____ SUPPLIED DATA

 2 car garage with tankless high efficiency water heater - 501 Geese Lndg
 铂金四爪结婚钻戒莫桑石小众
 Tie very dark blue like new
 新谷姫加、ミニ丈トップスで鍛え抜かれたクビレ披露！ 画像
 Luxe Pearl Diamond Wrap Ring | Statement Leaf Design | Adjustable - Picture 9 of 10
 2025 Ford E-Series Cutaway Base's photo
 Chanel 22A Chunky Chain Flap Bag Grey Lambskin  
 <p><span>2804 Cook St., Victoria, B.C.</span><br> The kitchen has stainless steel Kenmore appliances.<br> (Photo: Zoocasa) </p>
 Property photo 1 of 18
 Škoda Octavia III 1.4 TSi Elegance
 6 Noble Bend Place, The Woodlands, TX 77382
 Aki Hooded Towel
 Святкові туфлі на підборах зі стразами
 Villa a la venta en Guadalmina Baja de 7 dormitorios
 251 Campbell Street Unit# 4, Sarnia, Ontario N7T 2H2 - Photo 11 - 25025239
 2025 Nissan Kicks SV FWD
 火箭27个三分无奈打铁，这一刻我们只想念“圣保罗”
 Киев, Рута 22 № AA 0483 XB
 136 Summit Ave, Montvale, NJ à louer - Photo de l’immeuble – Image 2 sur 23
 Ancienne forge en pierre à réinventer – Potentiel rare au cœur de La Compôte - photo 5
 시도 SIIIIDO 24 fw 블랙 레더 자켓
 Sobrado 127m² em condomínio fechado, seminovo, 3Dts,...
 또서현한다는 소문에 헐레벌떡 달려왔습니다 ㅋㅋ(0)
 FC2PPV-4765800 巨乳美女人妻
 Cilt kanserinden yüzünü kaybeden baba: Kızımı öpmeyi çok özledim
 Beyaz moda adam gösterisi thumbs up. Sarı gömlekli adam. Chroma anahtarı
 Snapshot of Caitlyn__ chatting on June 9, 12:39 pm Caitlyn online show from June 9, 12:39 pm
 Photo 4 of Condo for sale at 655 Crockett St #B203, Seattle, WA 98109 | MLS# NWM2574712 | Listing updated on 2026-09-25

________

__WHAT IS REQUIRED__.
The answer must be the full data, repeated word for word.

__OUTPUT__.
 2 car garage with tankless high efficiency water heater - 501 Geese Lndg
 铂金四爪结婚钻戒莫桑石小众
 Tie very dark blue like new
 新谷姫加、ミニ丈トップスで鍛え抜かれたクビレ披露！ 画像
 Luxe Pearl Diamond Wrap Ring | Statement Leaf Design | Adjustable - Picture 9 of 10
 2025 Ford E-Series Cutaway Base's photo
 Chanel 22A Chunky Chain Flap Bag Grey Lambskin  
 <p><span>2804 Cook St., Victoria, B.C.</span><br> The kitchen has stainless steel Kenmore appliances.<br> (Photo: Zoocasa) </p>
 Property photo 1 of 18
 Škoda Octavia III 1.4 TSi Elegance
 6 Noble Bend Place, The Woodlands, TX 77382
 Aki Hooded Towel
 Святкові туфлі на підборах зі стразами
 Villa a la venta en Guadalmina Baja de 7 dormitorios
 251 Campbell Street Unit# 4, Sarnia, Ontario N7T 2H2 - Photo 11 - 25025239
 2025 Nissan Kicks SV FWD
 火箭27个三分无奈打铁，这一刻我们只想念“圣保罗”
 Киев, Рута 22 № AA 0483 XB
 136 Summit Ave, Montvale, NJ à louer - Photo de l’immeuble – Image 2 sur 23
 Ancienne forge en pierre à réinventer – Potentiel rare au cœur de La Compôte - photo 5
 시도 SIIIIDO 24 fw 블랙 레더 자켓
 Sobrado 127m² em condomínio fechado, seminovo, 3Dts,...
 또서현한다는 소문에 헐레벌떡 달려왔습니다 ㅋㅋ(0)
 FC2PPV-4765800 巨乳美女人妻
 Cilt kanserinden yüzünü kaybeden baba: Kızımı öpmeyi çok özledim
 Beyaz moda adam gösterisi thumbs up. Sarı gömlekli adam. Chroma anahtarı
 Snapshot of Caitlyn__ chatting on June 9, 12:39 pm Caitlyn online show from June 9, 12:39 pm
 Photo 4 of Condo for sale at 655 Crockett St #B203, Seattle, WA 98109 | MLS# NWM2574712 | Listing updated on 2026-09-25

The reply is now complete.